Are you running a business and need to manage your resources better? Then you’ll need to spare the next few minutes to learn how to create a sales forecast. This is an invaluable tool in business and will help you figure out which products are driving your sales and profits. So, how exactly can you create a sales forecast? There are several methods you can use, as we’ll discuss in this guide.
Sales Forecasting Using Historical Data
If your company has been running for a while, you can use historical data to make predictions on future sales. Just check how your company grew in specific periods (think months, quarters, or years). You should consider using a forecast Excel template to make predictions with superhuman accuracy.
The weighted pipeline method is a popular way of forecasting sales with historical data. This is a pretty straightforward way of estimating the performance or probability of success in each section of your sales pipeline. You will need to determine the stages customers go through before making a purchase, and then you can analyze the level of interest they show at each point.
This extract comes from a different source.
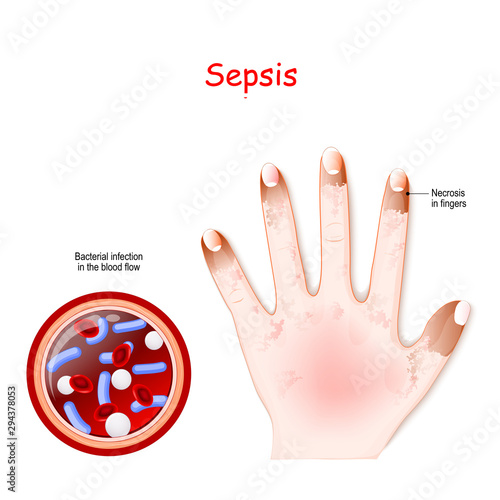 Sepsis. Close-up of cross section of blood vessel with Bacterial infection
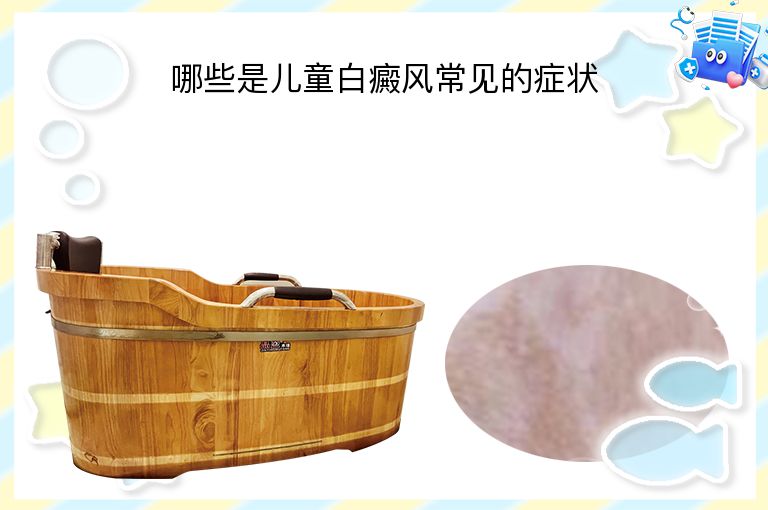 哪些是儿童白癜风常见的症状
As an example, you can split the sales pipeline into the lead generation stage, inquiry stage, demonstration stage, and proposal stage.
Bottom-Up Sales Forecasting
As you probably guessed from the name, this form of forecasting starts with the lowest level of detail (usually the salespeople). You can then work your way up the chain. How you apply bottom-up sales forecasting will largely depend on your industry and business model. For example, a SaaS business that sells subscriptions may have to look at sales channels, the monthly active subscriptions, and the churn rate.
This method requires you to take historical and current data into account. Internal factors like the sales budget, production capacity, and marketing have to be considered first. They can then be compared to the larger market to see how well the company is performing.
The main advantage of bottom-up forecasting is that it gives companies a detailed and realistic view of their capacity to compete in the market. It is also easier to make adjustments in the future as you won’t need to alter an entire schedule.
Top-Down Sales Forecasting
Top-down sales forecasting is often contrasted with the bottom-up method as they’re more or less opposites. This method is quite easy to use. Don’t worry if you don’t have much knowledge of data analysis or statistical methods. You just need to look at the larger market and competitive landscape to determine the size of the market you can realistically capture. Keep in mind that top-down sales forecasting is prone to errors since you’ll be using aggregated data.
Are you making plans for your business? Then you need to create a sales forecast. You can do this using several methods, including historical sales forecasting, bottom-up sales forecasting, and top-down sales forecasting. Remember that each option has its pros and cons. For example, with top-down sales forecasting, you will likely get errors, particularly if you’re an optimist.